J’ai dit OUI plus d’une fois par le passé, à fleur de peau, terrassée par la peur. Peur des menaces. Peur de la violence qui ne se dit pas. Face à la confiance qui se délite, j’ai dit OUI pour avoir la paix. Pour ne plus trembler derrière la porte. Face au mépris, l’instrument des lâches, j’ai abdiqué. J’ai dit OUI en croyant résister. Peur de perdre ci ou ça. Ceux qui nous narguent le savent bien, ils finiront par avoir le dernier mot. J’ai lâché la barre face au harcèlement qui n’en finit pas. J’ai dit OUI pour la forme, pour ne pas avoir à gérer les heures, les jours de silence, ma punition.

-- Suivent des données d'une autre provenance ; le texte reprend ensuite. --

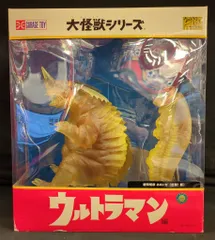 2026年最新】少年リック ウルトラマンの人気アイテム - メルカリ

J’ai tremblé face aux mots blessants, aux paroles lancées en l’air comme autant de sabres puissants. J’ai fait fi de mes sentiments pour pouvoir encaisser. Je me suis brûlée les ailes à toujours vouloir trouver des excuses à tous, tout le temps.

J’ai dit OUI à celui et à celle qui m’ont écrasée du poids de leur égo surdimensionné. J’ai dit OUI dans la détresse, perdue, paumée, affaiblie, cassée. J’ai dit OUI pour pouvoir continuer. Quand il ou elle ne pensait qu’à me faire tomber.

J’ai dit OUI aux insultes, aux mots durs, aux ricanements, aux pressions.

J’ai dit OUI dans ma vie scolaire, professionnelle, conjugale. J’ai dit OUI en me voyant fragile, incapable de me défendre. J’ai dit OUI en faisant taire celle que j’étais, non pas pour me fondre dans la masse, mais pour me faire toute petite, pour qu’on ne me remarque surtout pas, qu’on m’oublie presque (de cela est né un besoin de reconnaissance que j’arrive doucement à dompter) dans le coin, là-bas.

J’ai dit OUI trop souvent, renonçant à moi-même, à mon identité, à mes émotions.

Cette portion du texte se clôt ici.